Good Night Moon and Other Nightly Rituals


Its finally quiet around here- No television blaring. No squeaking, chirping toys numbing my ears, dulling my senses. No one tugging at my leg, whining for food; no more tantrums to contend with, fights to referee. My kitchen is now closed, ending the nightly arguments over how many bites need to be eaten before being finished with dinner or my relentless monitoring of the refrigerator door that seems to be opened 100 million times everyday. Just silence. Even my husband has gone to bed for the night. The lulling hum of the running dishwasher is my only companion, a very welcome friend after a long, trying day.

My mind is finally free to de-clutter itself- to unload all of the fleeting and not so fleeting thoughts that have entered my mind throughout the course of my day. Most are probably gone for good as I have become much less proficient at remembering things for any length of time unless I have written it down somewhere- No time for even that nowadays with the demands of three young children vying for my attention.

So here I am trying to relax for a few moments before I begin my preparations for tomorrow which will be more of the same as today-

The time in which I am able to carve out for just me, is usually just leftovers, crumbs left behind- all the good stuff already taken. In my exhaustion, I try to remember something that caught my interest at some point earlier in my day, something I wanted to come back to when I had the chance- now here’s my chance, but I no longer recall what it was that I so badly wanted to remember. As it usually happens, it will pop back into my thoughts during some inopportune time, and I’ll put it off yet again and repeat this sequence until it eventually becomes moot.

Being a mom is tough.
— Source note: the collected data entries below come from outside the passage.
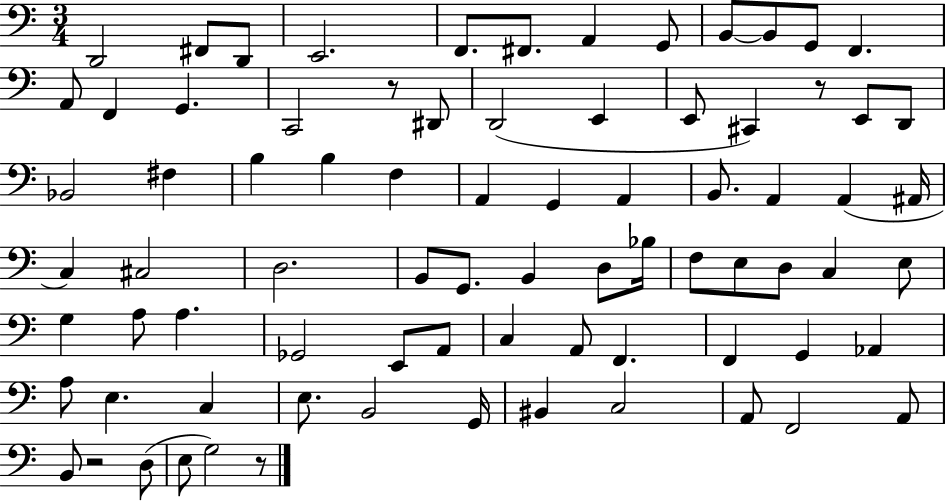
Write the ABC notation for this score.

X:1
T:Untitled
M:3/4
L:1/4
K:C
D,,2 ^F,,/2 D,,/2 E,,2 F,,/2 ^F,,/2 A,, G,,/2 B,,/2 B,,/2 G,,/2 F,, A,,/2 F,, G,, C,,2 z/2 ^D,,/2 D,,2 E,, E,,/2 ^C,, z/2 E,,/2 D,,/2 _B,,2 ^F, B, B, F, A,, G,, A,, B,,/2 A,, A,, ^A,,/4 C, ^C,2 D,2 B,,/2 G,,/2 B,, D,/2 _B,/4 F,/2 E,/2 D,/2 C, E,/2 G, A,/2 A, _G,,2 E,,/2 A,,/2 C, A,,/2 F,, F,, G,, _A,, A,/2 E, C, E,/2 B,,2 G,,/4 ^B,, C,2 A,,/2 F,,2 A,,/2 B,,/2 z2 D,/2 E,/2 G,2 z/2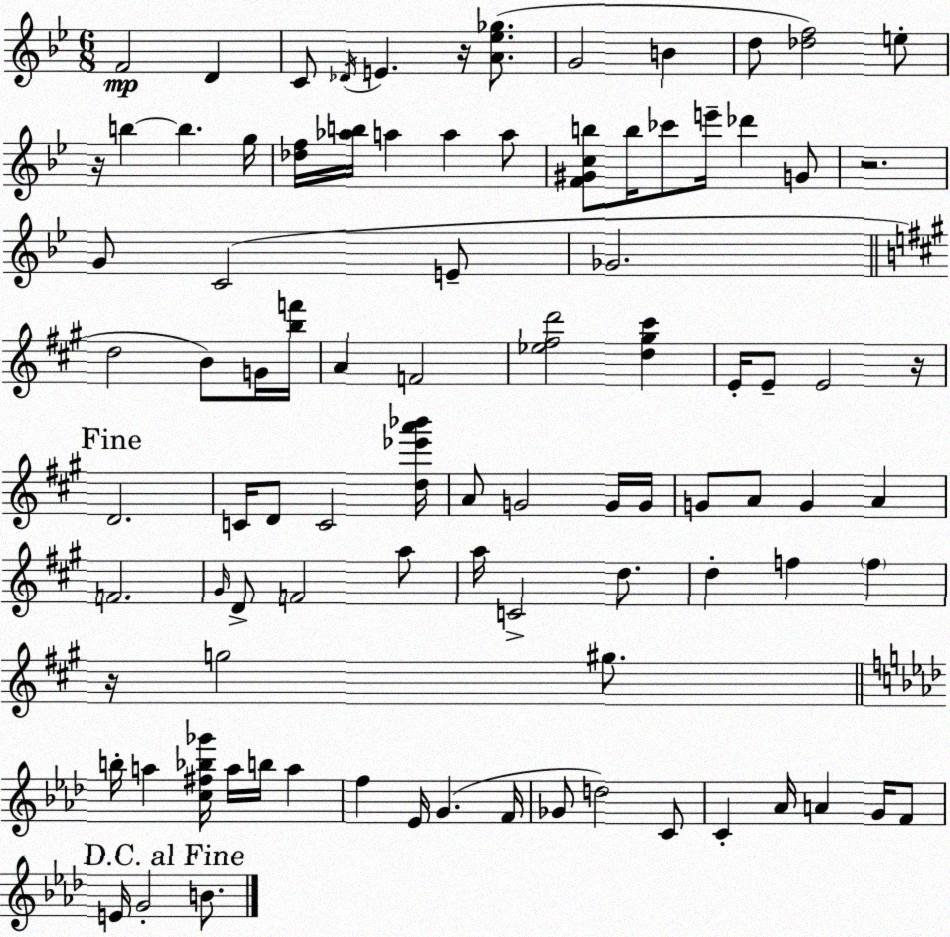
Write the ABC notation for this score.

X:1
T:Untitled
M:6/8
L:1/4
K:Gm
F2 D C/2 _D/4 E z/4 [A_e_g]/2 G2 B d/2 [_df]2 e/2 z/4 b b g/4 [_df]/4 [_ab]/4 a a a/2 [F^Gcb]/2 b/4 _c'/2 e'/4 _d' G/2 z2 G/2 C2 E/2 _G2 d2 B/2 G/4 [bf']/4 A F2 [_e^fd']2 [d^g^c'] E/4 E/2 E2 z/4 D2 C/4 D/2 C2 [d_e'a'_b']/4 A/2 G2 G/4 G/4 G/2 A/2 G A F2 ^G/4 D/2 F2 a/2 a/4 C2 d/2 d f f z/4 g2 ^g/2 b/4 a [c^f_b_g']/4 a/4 b/4 a f _E/4 G F/4 _G/2 d2 C/2 C _A/4 A G/4 F/2 E/4 G2 B/2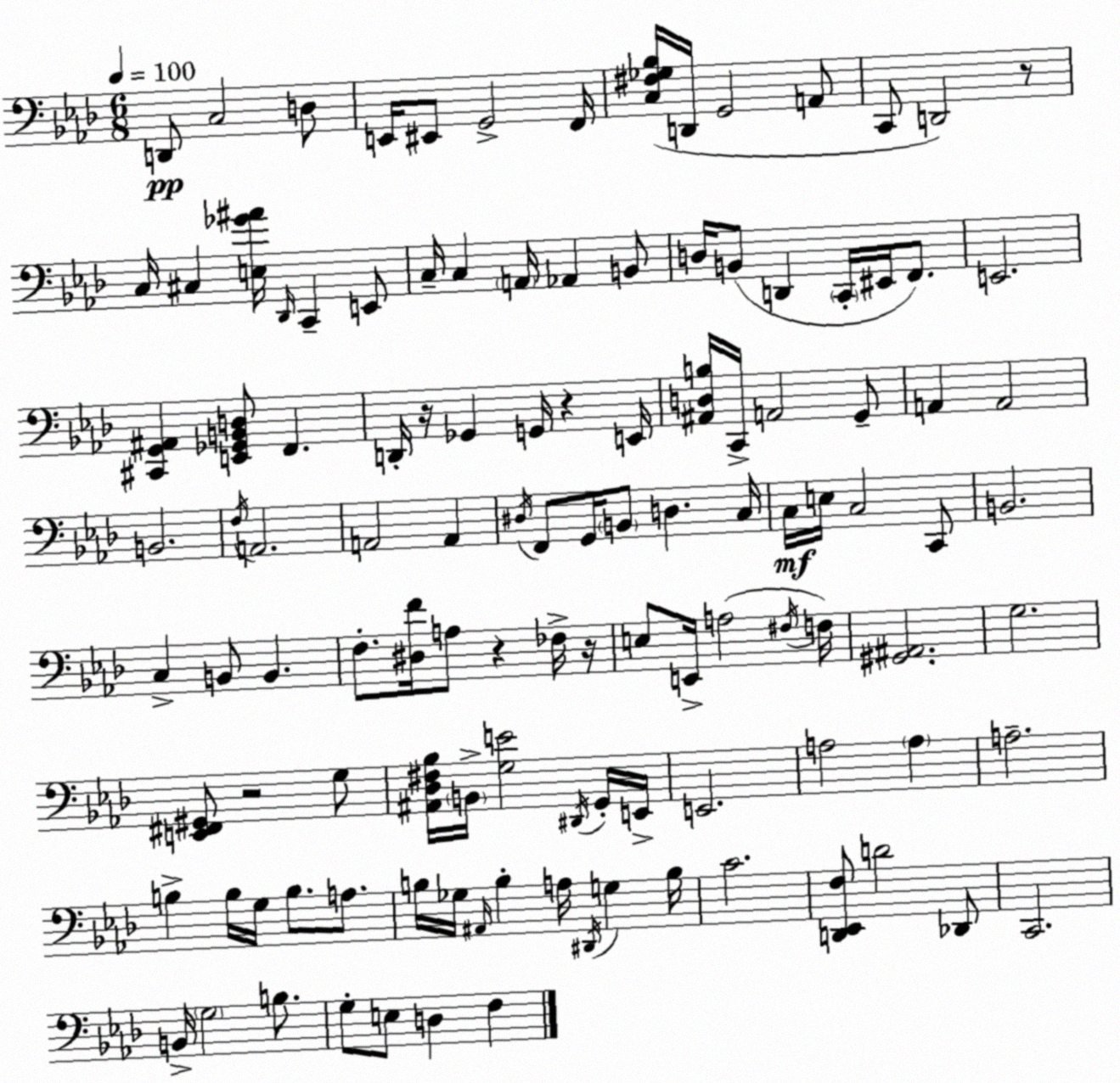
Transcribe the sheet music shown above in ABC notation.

X:1
T:Untitled
M:6/8
L:1/4
K:Fm
D,,/2 C,2 D,/2 E,,/4 ^E,,/2 G,,2 F,,/4 [C,^F,_G,_B,]/4 D,,/4 G,,2 A,,/2 C,,/2 D,,2 z/2 C,/4 ^C, [E,_G^A]/4 _D,,/4 C,, E,,/2 C,/4 C, A,,/4 _A,, B,,/2 D,/4 B,,/2 D,, C,,/4 ^E,,/4 F,,/2 E,,2 [^C,,G,,^A,,] [E,,_G,,B,,D,]/2 F,, D,,/4 z/4 _G,, G,,/4 z E,,/4 [^A,,D,B,]/4 C,,/4 A,,2 G,,/2 A,, A,,2 B,,2 F,/4 A,,2 A,,2 A,, ^D,/4 F,,/2 G,,/4 B,,/2 D, C,/4 C,/4 E,/4 C,2 C,,/2 B,,2 C, B,,/2 B,, F,/2 [^D,F]/4 A,/2 z _F,/4 z/4 E,/2 E,,/4 A,2 ^F,/4 F,/4 [^G,,^A,,]2 G,2 [E,,^F,,^G,,]/2 z2 G,/2 [^A,,_D,^F,_B,]/4 B,,/4 [G,E]2 ^D,,/4 G,,/4 E,,/4 E,,2 A,2 A, A,2 B, B,/4 G,/4 B,/2 A,/2 B,/4 _G,/4 ^A,,/4 B, A,/4 ^D,,/4 G, B,/4 C2 [D,,_E,,F,]/2 D2 _D,,/2 C,,2 B,,/4 G,2 B,/2 G,/2 E,/2 D, F,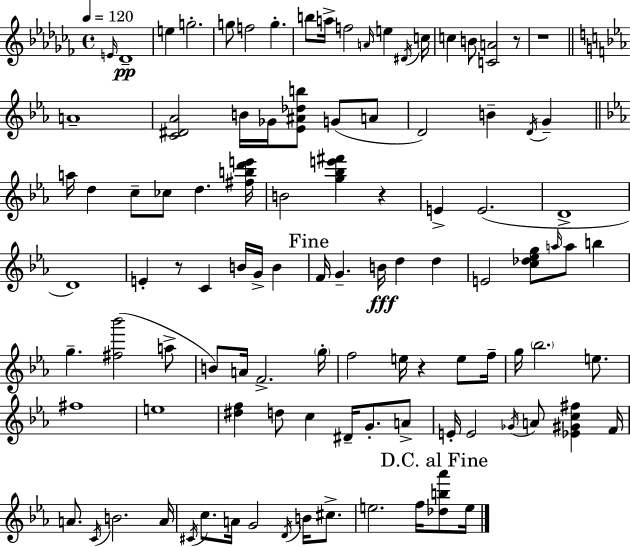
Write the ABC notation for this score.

X:1
T:Untitled
M:4/4
L:1/4
K:Abm
E/4 _D4 e g2 g/2 f2 g b/2 a/4 f2 A/4 e ^D/4 c/4 c B/2 [CA]2 z/2 z4 A4 [C^D_A]2 B/4 _G/4 [_E^A_db]/2 G/2 A/2 D2 B D/4 G a/4 d c/2 _c/2 d [^fbd'e']/4 B2 [g_be'^f'] z E E2 D4 D4 E z/2 C B/4 G/4 B F/4 G B/4 d d E2 [c_d_eg]/2 a/4 a/2 b g [^f_b']2 a/2 B/2 A/4 F2 g/4 f2 e/4 z e/2 f/4 g/4 _b2 e/2 ^f4 e4 [^df] d/2 c ^D/4 G/2 A/2 E/4 E2 _G/4 A/2 [_E^Gc^f] F/4 A/2 C/4 B2 A/4 ^C/4 c/2 A/4 G2 D/4 B/4 ^c/2 e2 f/4 [_db_a']/2 e/4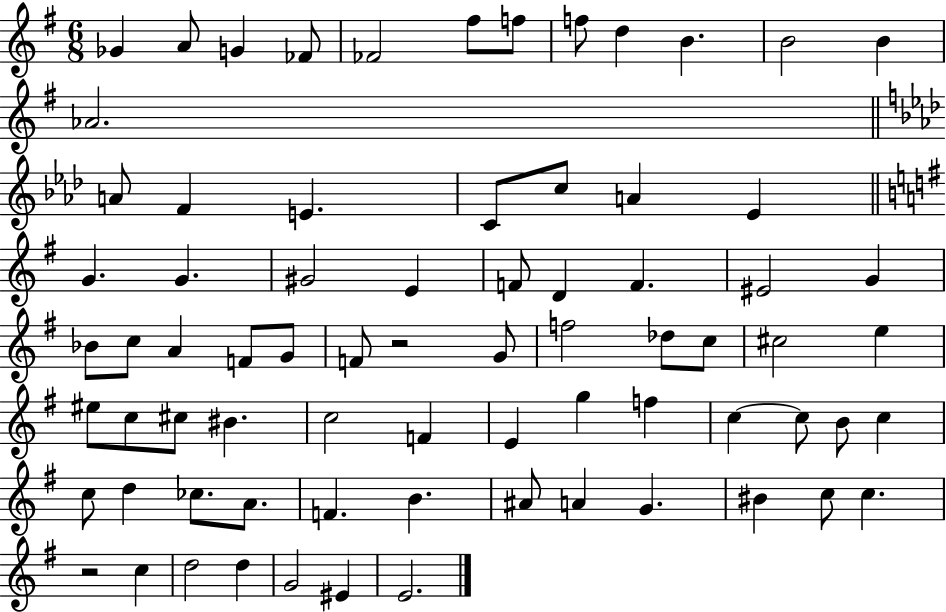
Gb4/q A4/e G4/q FES4/e FES4/h F#5/e F5/e F5/e D5/q B4/q. B4/h B4/q Ab4/h. A4/e F4/q E4/q. C4/e C5/e A4/q Eb4/q G4/q. G4/q. G#4/h E4/q F4/e D4/q F4/q. EIS4/h G4/q Bb4/e C5/e A4/q F4/e G4/e F4/e R/h G4/e F5/h Db5/e C5/e C#5/h E5/q EIS5/e C5/e C#5/e BIS4/q. C5/h F4/q E4/q G5/q F5/q C5/q C5/e B4/e C5/q C5/e D5/q CES5/e. A4/e. F4/q. B4/q. A#4/e A4/q G4/q. BIS4/q C5/e C5/q. R/h C5/q D5/h D5/q G4/h EIS4/q E4/h.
It is the hardest job there is and having the ability to do it well, consistently, is nearly impossible, in my opinion anyways. If anyone tells you differently, they’re just flat-out lying. Its physically tiring, emotionally draining and ages you in ways that nothing else comes close to. The worrying and fretting, the second guessing and self doubt gets to you and beats you down.

But in all sincerity, I really wouldn’t want it any other way. I’ll fall asleep tonight with a mind still on overdrive causing me to have dreams pertaining to unfinished business and other things that I have left undone ~ I may even wake during the night, separate from waking up with my two year old daughter, my heart racing over something I need to accomplish that I don’t dare forget about. I’ll fall back to sleep for what seems like mere minutes before the chaotic sounds of the day start all over again.

This all must sound like self torture and it is to a degree, but two chubby toddler arms reaching towards me for a hug, or a wet sloppy kiss on the lips and even better, an unsolicited “I love you, mom”, coming from my almost tween son, has a magical way of rejuvenating me from day to day in ways that make it all worthwhile and meaningful in the end.

Bad, Bad Leroy Brown


My son isn't very good about hiding his emotions. I can take one look at his face, and depending on the severity of the burrow of his brow and the angle at which the corners of his mouth are pointed upward or downward, I can usually tell what kind of day he's had.

Yesterday afternoon, I was sitting outside on my front porch and just like any normal weekday afternoon, I saw Ben turning the corner to our street, his hi-top clad feet quickly pedaling his trusty ole Schwinn home from school. He stopped short of his normal drop off place, a small rectangular cement block to the side of our yard, the place where he normally parks his bike when not in use. Instead, today, he made it to edge of our lawn, nearly jumped off his bike, letting it fall in a heap to the ground. As he approached the porch, I began studying his face, looking for an indication of what was obviously wrong.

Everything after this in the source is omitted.